Según el concepto de Dios que tengamos, es como vamos a orar. Por lo mismo, más vale que nuestra noción de Dios nazca de las Escrituras. En ellas vemos que el Señor, siendo eterno e incomparable, a pesar de ser absoluto y ser inalcanzable para seres finitos y corruptos como nosotros, se ha hecho cercano, tanto así que se hizo hombre y habitó entre nosotros.

El Señor soportó con paciencia los pecados del hombre, y llegado el tiempo se humanó, para poder llevar sobre sí el castigo de nuestros delitos. Cristo, la Palabra hecha carne, se despojó de su gloria y se vistió de humillación, haciéndose obediente hasta la muerte, y muerte de cruz.
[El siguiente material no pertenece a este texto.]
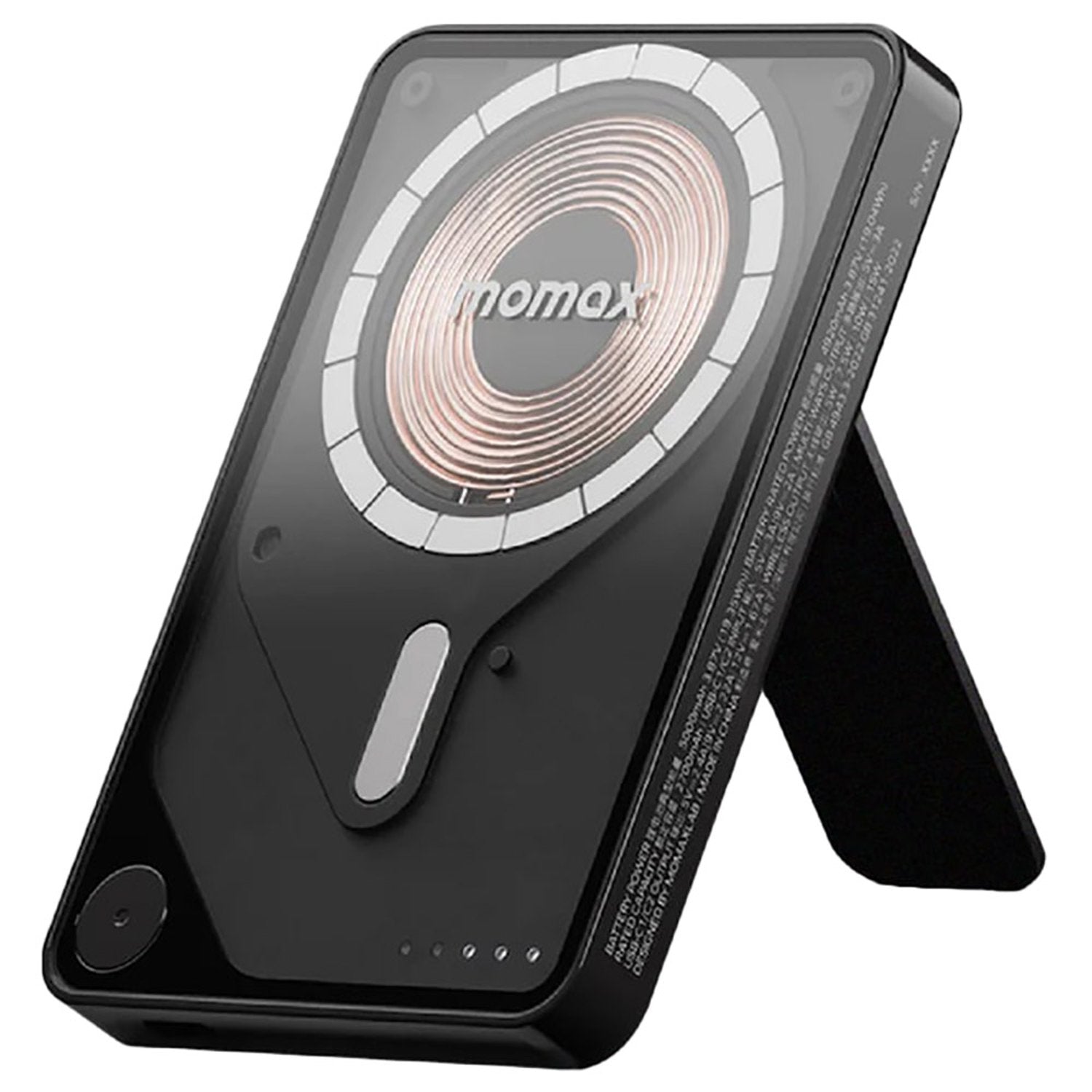 Momax Power X Pro Magnetic Wireless Power Bank – 5000 mAh, Includes Kickstand & Built-in USB-C Cable | Black Momax Power X Pro Magnetic Wireless Power Bank – 5000 mAh, Includes Kickstand & Built-in USB-C Cable | Black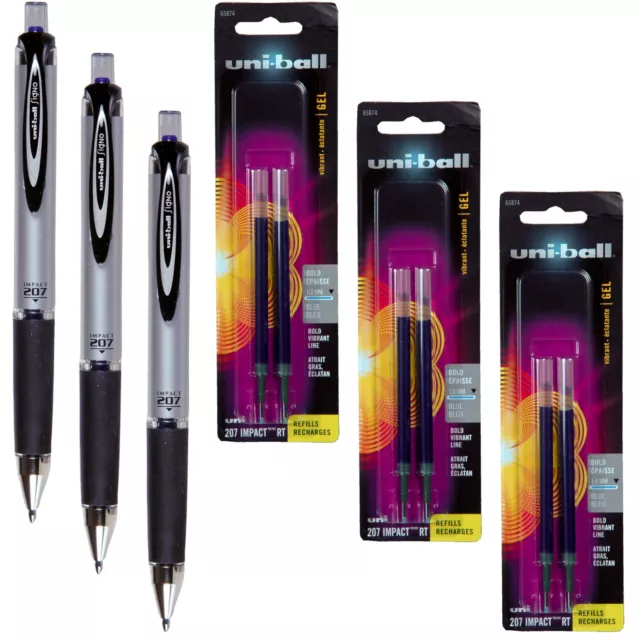 Uni-Ball Signo Impact 207 RT 65871 With Refills 65874, Blue Gel Ink, 1.0mm Bold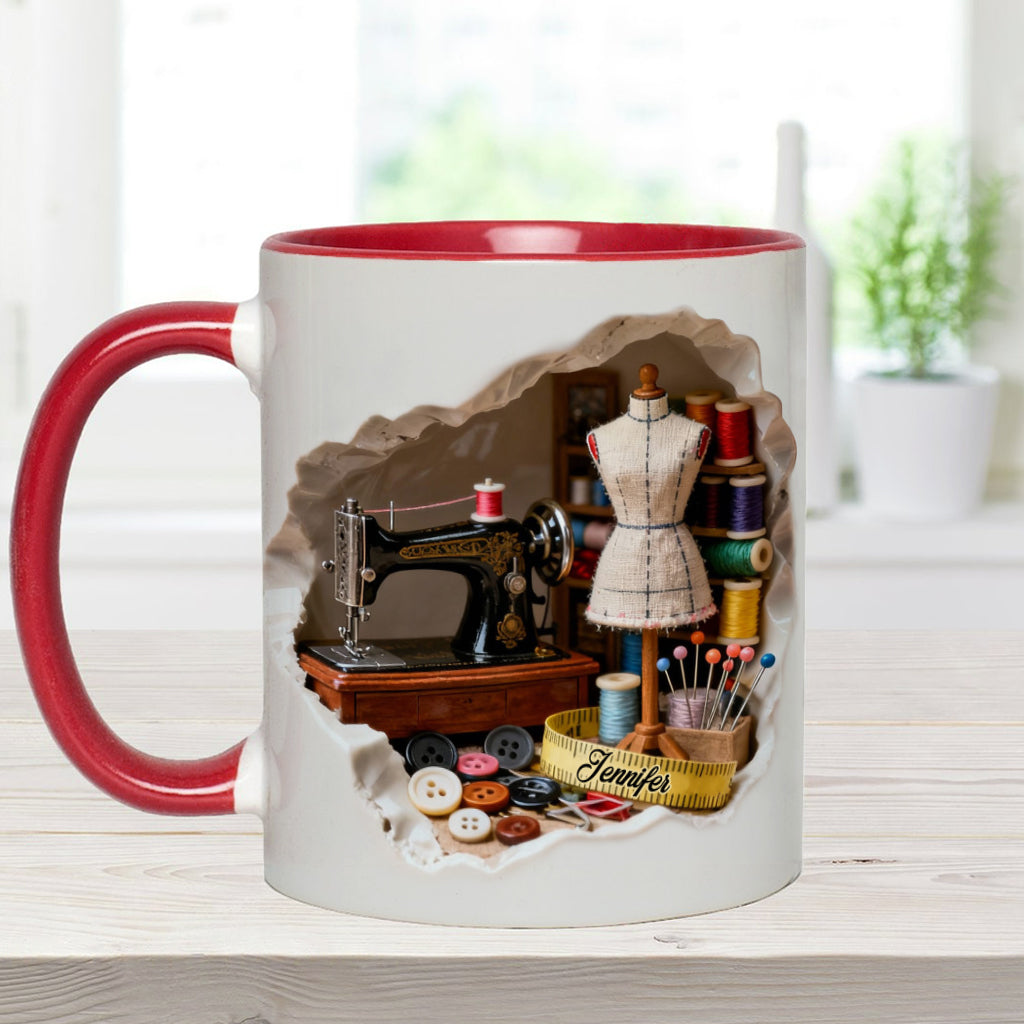 Love Sewing Miniature Sewing Room - Personalized Sewing Accent Mug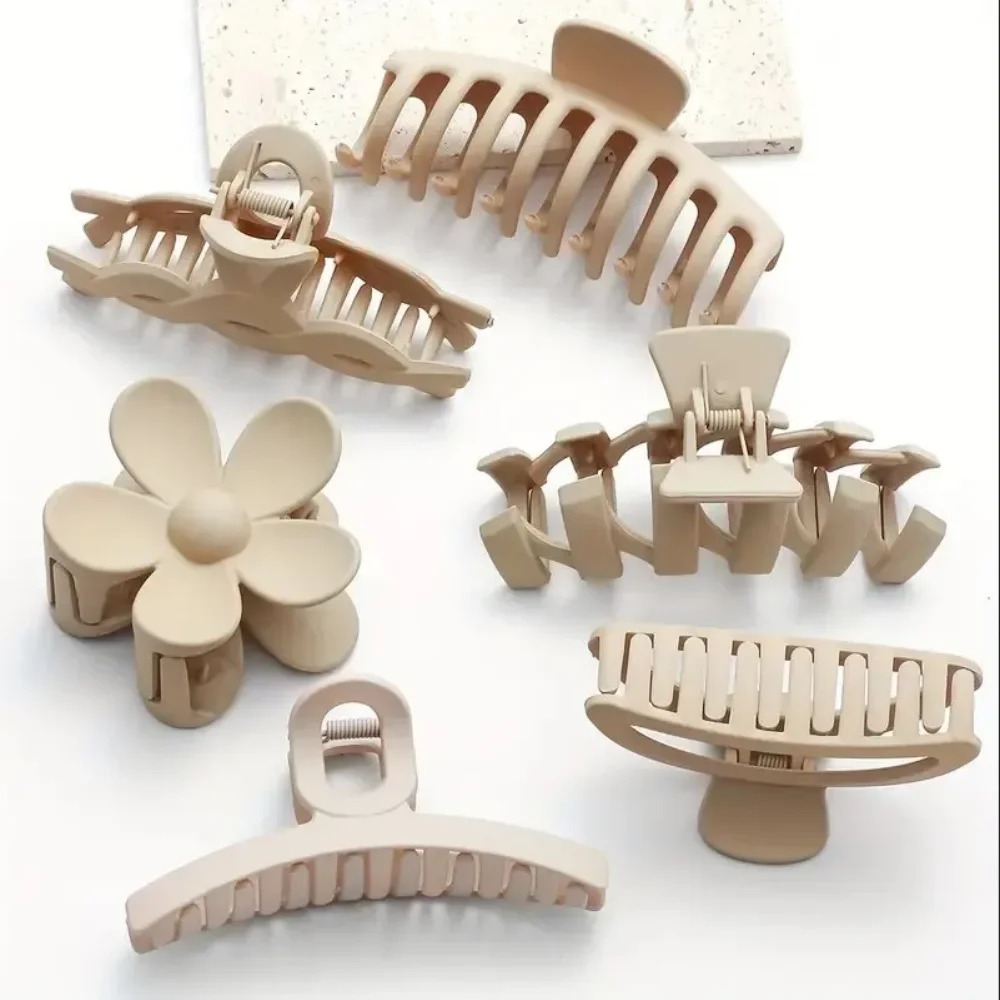 Hair Claw 6Pcs Women Fashion Claw Clip Set Large Multiple Styles Korean For Girls Shark Clips Barrette Hair Accessories
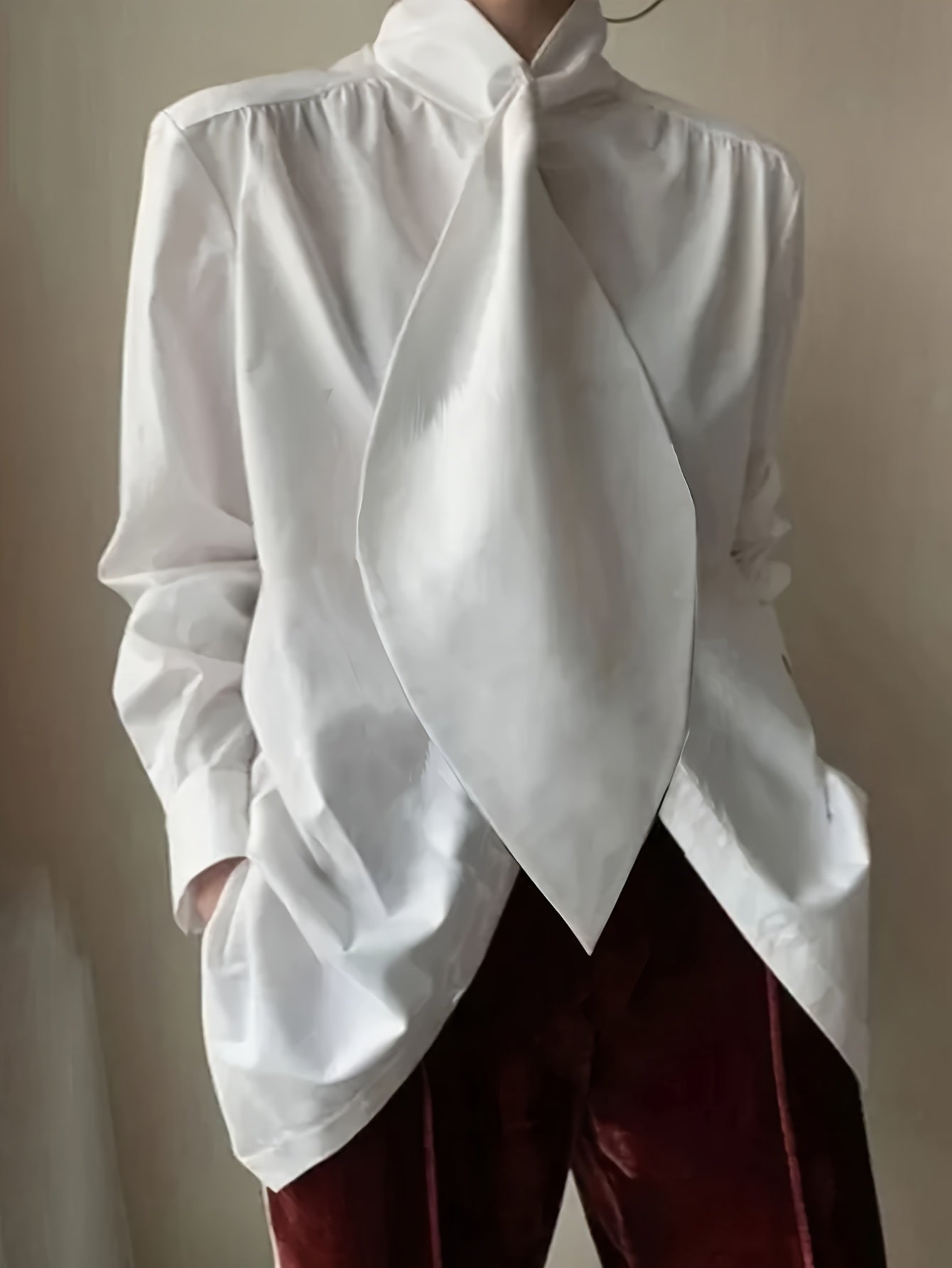 Women's Long Sleeve Blouse Solid Color Formal Shirt for Office and Casual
Tuvo en poco la vergüenza y el sufrimiento, sabiendo que había de llevar consigo muchos a la gloria, y en Él los pecadores arrepentidos podrían alcanzar vida eterna.

¿Cómo es posible que el pueblo de Dios ande a tientas teniendo tan glorioso Salvador? ¿Cómo andar desmotivados y faltos de ánimo, si se nos ha concedido tan grande salvación? ¿Cómo preferir los engaños y placebos del mundo, si tenemos en Cristo la verdadera vida? ¿Cómo seguir viviendo en la oscuridad, si la misma Palabra de Dios se ha hecho carne, y ha resplandecido su rostro sobre nosotros?

Si no llevas la cruz del nazareno sobre tus hombros es tiempo de cargarla, que Él ha prometido llevarla contigo hasta el final. Hoy es el tiempo de seguir al Salvador. El que tenga oídos para oír, que oiga. Amén.